## EXERCISE INSTRUCTIONS
In the entries below, the lines from the one with "The diagonalization language" through the one with "In this video, we're" are to be copied exactly; both ends count.

## ENTRIES SUPPLIED
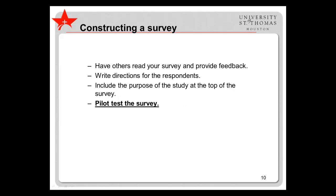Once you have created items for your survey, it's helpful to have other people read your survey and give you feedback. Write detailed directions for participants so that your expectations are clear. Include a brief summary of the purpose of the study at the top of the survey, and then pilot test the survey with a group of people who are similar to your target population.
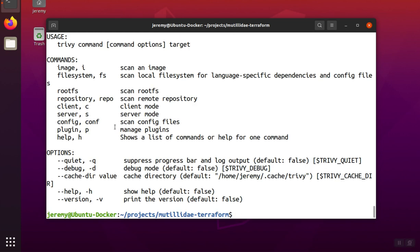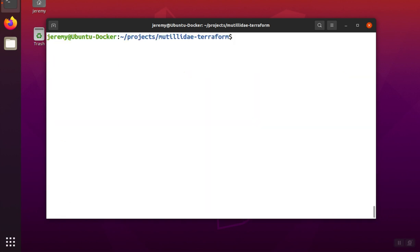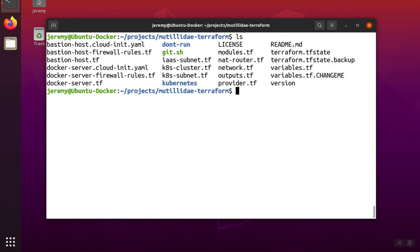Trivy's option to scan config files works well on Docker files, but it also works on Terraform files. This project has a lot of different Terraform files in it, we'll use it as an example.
--
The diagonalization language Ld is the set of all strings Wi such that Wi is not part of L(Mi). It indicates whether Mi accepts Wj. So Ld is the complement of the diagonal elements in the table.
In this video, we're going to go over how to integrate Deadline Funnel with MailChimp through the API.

## EXPECTED ANSWER
The diagonalization language Ld is the set of all strings Wi such that Wi is not part of L(Mi). It indicates whether Mi accepts Wj. So Ld is the complement of the diagonal elements in the table.
In this video, we're going to go over how to integrate Deadline Funnel with MailChimp through the API.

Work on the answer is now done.